Monday, Jul. 01, 1974

The Brilliant Closer

The weather in Birmingham is almost sure to be unbearably hot. The All-Star game that is big-league baseball's midsummer breather will not yet have taken place. But no matter. Come July 10, the pro-football season is going to start. On that date the new World Football League will make its debut in five cities, beginning a five-month season of midweek games. That odd, extended schedule will not be the league's only novelty. Determined to upstage the N.F.L., the W.F.L. will offer everything from singular team names (among them the Chicago Fire and the Southern California Sun) to sudden death overtime, two-point conversions and other rules designed to put some added razzle-dazzle into the game.

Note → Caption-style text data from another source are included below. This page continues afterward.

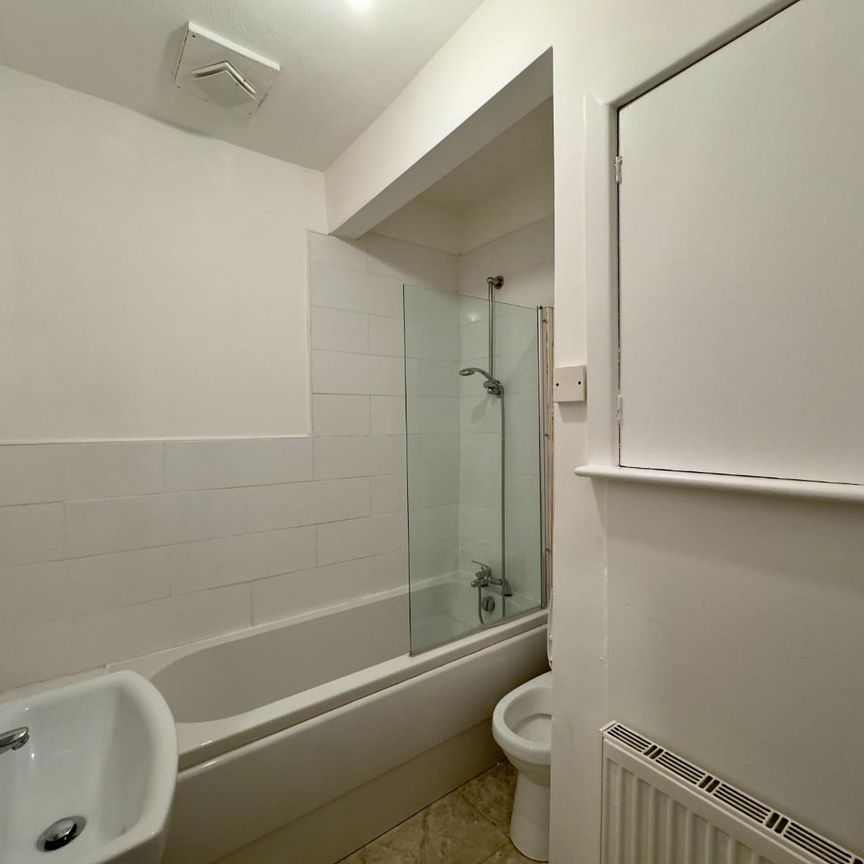 Eliza Street, Burnley - Photo 1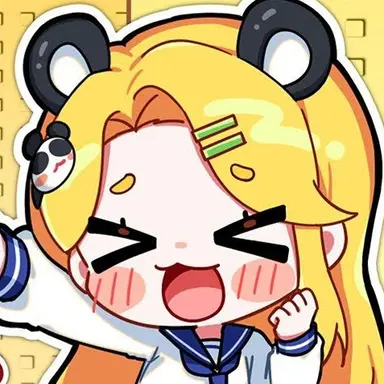 Profile image of 홍챠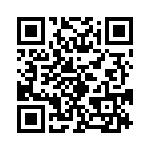 4-1393247-9 QRCode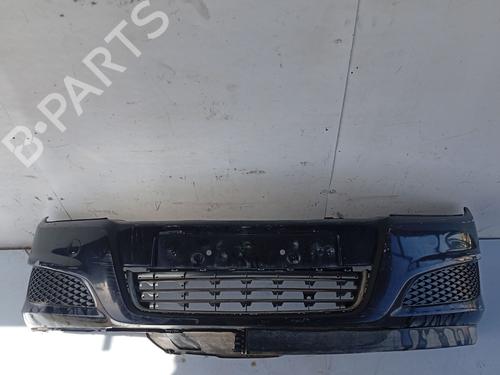Front bumper OPEL ASTRA H (A04) 1.7 CDTI (L48) | BP31109052C7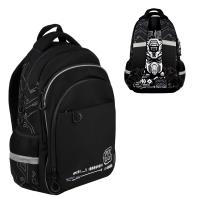   + ./ 14  (314416 , ,  , 1 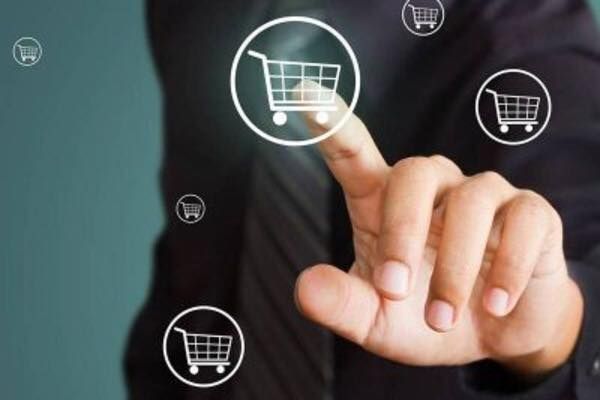 У Рівному навчать користуватися системою “Prozorro”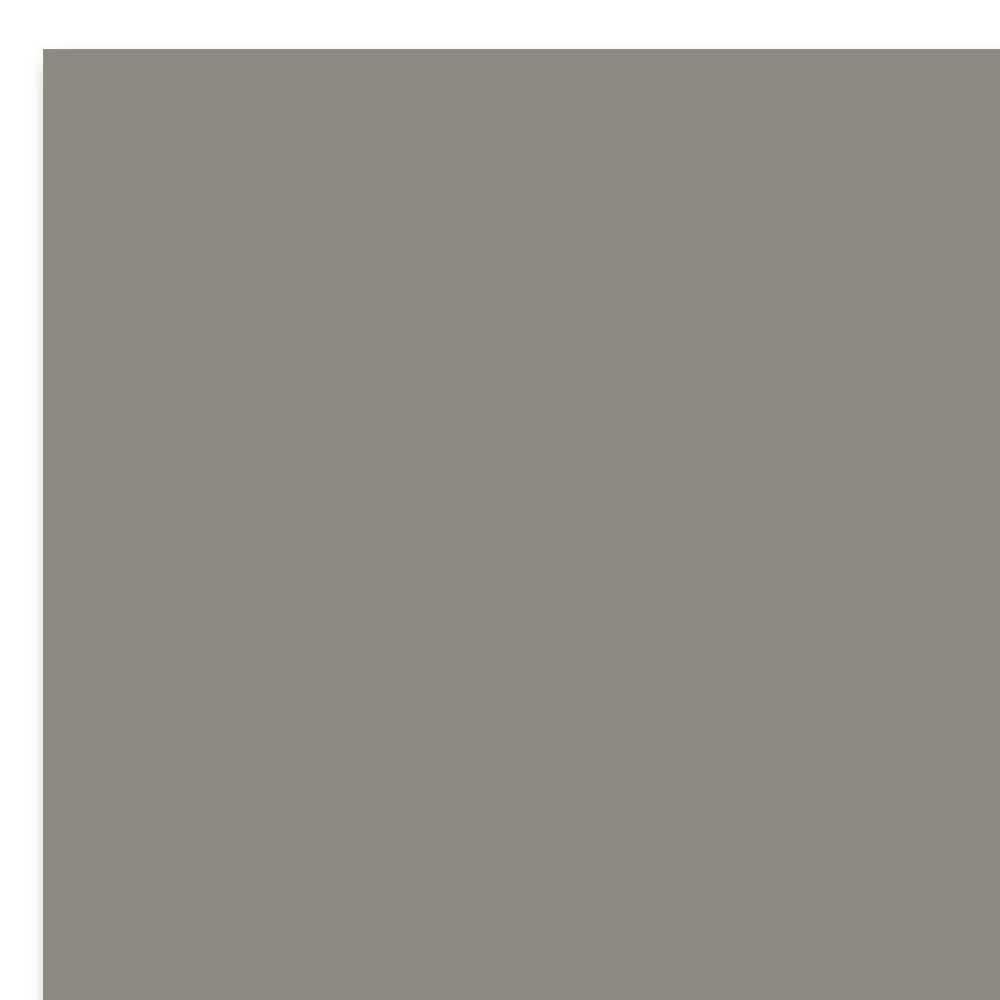 24x24 Essenza Tortora Matte Solid Color Porcelain Tile 24x24 Essenza Tortora Matte Solid Color Porcelain Tile - American Tile Depot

The arrival of the W.F.L., just eleven months after it was first proposed, can be credited to Gary Davidson, a handsome lawyer who has made a career out of playing David to the Goliath establishments of sport. Before organizing the W.F.L., he put together the American Basketball Association and the World Hockey Association. By creating 34 new teams in three major sports in the past eight years, Davidson has become an acknowledged master builder in a field that includes such lusty franchise spawners as Football and Tennis Tycoon Lamar Hunt.

Cold Calculation. Unlike Texas Millionaire Hunt, Davidson has not had a family fortune to back his enterprises. What the son of a poor Montana farmer has lacked in money, though, he has more than made up in flair, shrewd business sense and sheer moxie. He set the tone for his climb to fortune eight years ago when he was running a modest law office in Southern California. "If people came in my office with money," Davidson says, "I took their cases."

When a couple of friends who owned a basketball team came to him in 1966 with the idea of starting a new league, he quickly dropped his tax cases to barnstorm the country looking for prospective owners. In the hunt, Davidson coupled his penchant for cold calculation with a latent but awesome talent for salesmanship. Davidson, 39, makes an impressive appearance with his year-round tan and robust physique (he plays tennis and basketball at least three times a week). His pin-stripe suits, moderate Republicanism and background as a Beta Theta Pi at U.C.L.A. tend to reassure businessmen. In the final crunch of negotiation, they discover that he is a tough bargainer. To use his own favorite word, Davidson is a brilliant "closer"--a combination of salesman and lawyer who knows how to wrap up a deal and make it stick.

He is also audacious. Almost before he had completed organization of the A.B.A., Davidson turned his attention to hockey. Though he had never seen a hockey game in his life, he went to work rounding up owners for a new twelve-team league. When the Miami franchise started to buckle, he negotiated a move to Philadelphia in less than an hour. In Canada he managed to stop a revolt among owners angered by his frequently abrasive negotiating style. "Gary has a great creative imagination," says an associate, "but tact is not his cup of tea." Davidson disagrees. "The Canadian owners told me I was acting like Hitler. All I said was that if they didn't like it, they could leave the league." The owners gave in, and the W.H.A. was on the ice just two years after Davidson had begun work.

By the time he decided to challenge the N.F.L., Davidson had devised a blueprint for starting new leagues to go with his natural gifts as a salesman. The plan is largely composed of strategies for marketing, promoting and, of course, profiting. Davidson analyzed market potential and player supply, selected promising sites and sold franchises to early buyers at a reduced rate, increasing the price by $100,000 with every sale.

He picked a Thursday-night slot for nationally televised games in order to give the W.F.L. visibility. Next, he put together the controversial package of rules that startled the N.F.L. into speeding up its own plan for similar changes. The established league got another jolt when W.F.L. owners began to lure stars like Larry Csonka and Calvin Hill with fat contracts. Finally, Davidson took to the road like a campaigning politician. In ten months he covered 200,000 miles, making at least a dozen emergency runs to shore up weak franchises. So far, the travel seems to have paid off. Six of the W.F.L.'s twelve teams look financially sound--an unusually high number for a new league.

Global Ambitions. Davidson intends to serve as commissioner of the W.F.L. for the next decade at an annual salary of $100,000. He has already collected a reported $700,000 from the sale of the Philadelphia franchise he had kept for himself. As the leading exponent of spectator-sports expansion, he has had offers to organize rugby, water polo and Ping Pong, but football remains his obsession. "By 1975 I want teams in Mexico City and Tokyo," he says. "The Japanese already know how to play, the problem is they're just not big enough.

We'll probably be able to put them in defensive positions, or make one a kicker." And after Japan? Davidson drops names like Duesseldorf, Frankfurt and Rome. Surveying the 34 clubs he has created and outlining his global ambitions, Davidson is still not entirely at peace with himself. "I wish I had taken legal accounting, worked in a bank, acquired a Southern accent and sold used cars," he says with a straight face. "With that background I think I would be a better closer."